Simple Landscaping Projects: Stone Pathway with green grass background

Simple Landscaping Projects: Stone Pathway with green grass background

We’ve done our share of huge landscape projects. One of the ones that comes immediately to mind is hauling a 1,000 pound boulder through the client’s house as part of a water feature. But not all projects have to be large, involved or elaborate as this one. Small landscaping projects can bring just as much beauty to a yard as large ones, like it did with this project in Ingleside Heights.

A Simple Garden With a View

Our client wanted something simple, beautiful and private. Nothing too elaborate, but she still wanted to sit and enjoy nature’s beauty without too much reminder of the city’s hustle and bustle. A nice, higher-end fence would make a great backdrop for the garden.

Horizontal redwood fence borders the garden, with the exception of the rear property line

We came up with a horizontal redwood fence, which breaks the monotony of green-on-green, but keeps the natural look. Not only are redwood fences beautiful, but they have a high durability. Thanks to the natural oils in the wood, redwood has a tendency to repel insects and moisture – which means our client’s new fence will have less chance of warping, splintering or rotting. We also used stainless screws for longevity.

Tempered glass provides natural light and privacy

To really set the garden off, we used tempered, frosted glass panels at the rear property line. The tempered glass allows privacy without blocking out natural light. Unlike Plexiglas, these glass panels will never yellow with the UV light of the sun.
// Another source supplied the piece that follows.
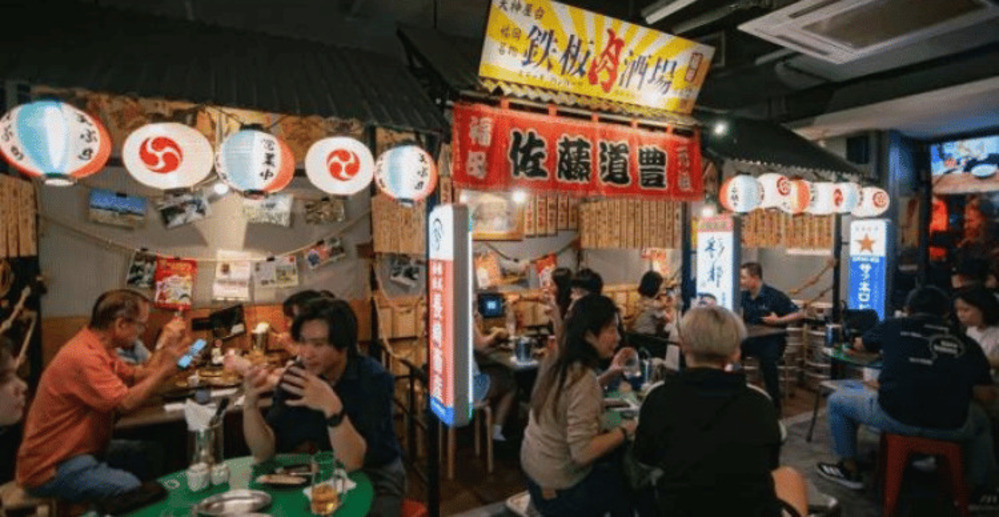 Enjoy an izakaya dining experience like a regular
Backdrops Are Important, Too

Here’s a pro tip for creating beautiful, peaceful backyard landscapes: the backgrounds are important, too.

Whenever we’re contracted for a landscape project, fencing and retaining walls are often part of the contract. That’s because a garden isn’t complete without the right type of backing. Imagine a Japanese garden with an old, rickety, grayed-out fence, or a water feature with a dead tree in the background.

In short, if the background doesn’t match the foreground, it’s not a complete picture. However, the right background, as seen in the project above, can provide large returns for your garden design.